Write out the lines below exactly, beginning at the one with "Not Irene 54" and stopping after the one with "늳ز��^ �����B���� ��늳��B����"; the pictures are not copied.
### Dataset records ###
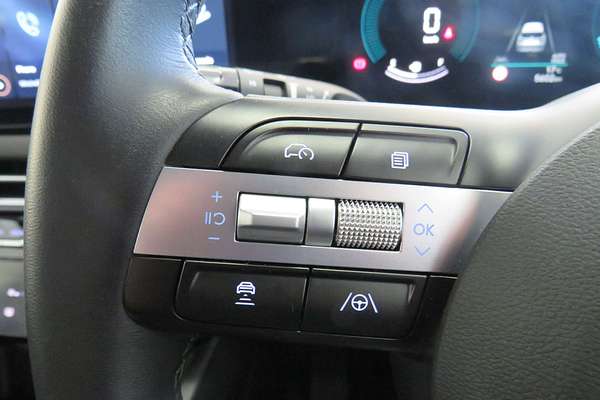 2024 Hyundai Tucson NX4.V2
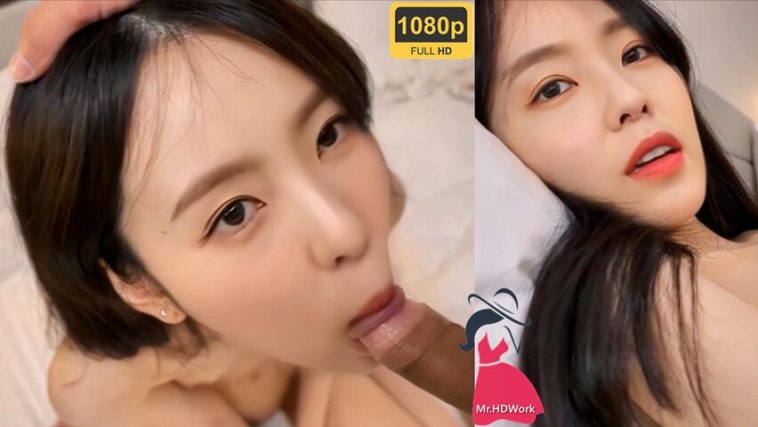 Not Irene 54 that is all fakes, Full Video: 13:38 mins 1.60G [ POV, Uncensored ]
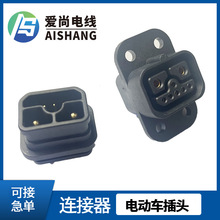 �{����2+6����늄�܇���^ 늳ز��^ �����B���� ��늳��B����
###
### Dataset records ###
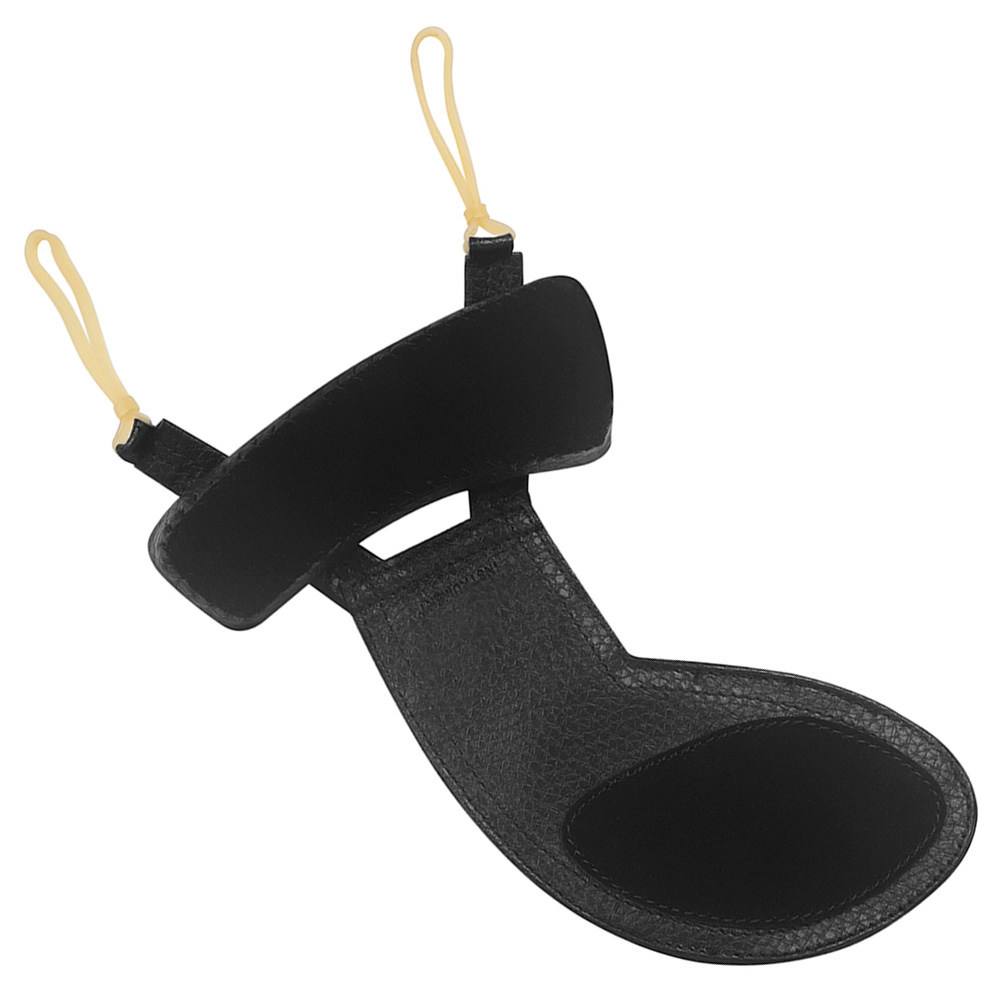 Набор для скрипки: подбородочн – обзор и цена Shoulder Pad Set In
###
→ Response to the exercise:
 Not Irene 54 that is all fakes, Full Video: 13:38 mins 1.60G [ POV, Uncensored ]
 �{����2+6����늄�܇���^ 늳ز��^ �����B���� ��늳��B����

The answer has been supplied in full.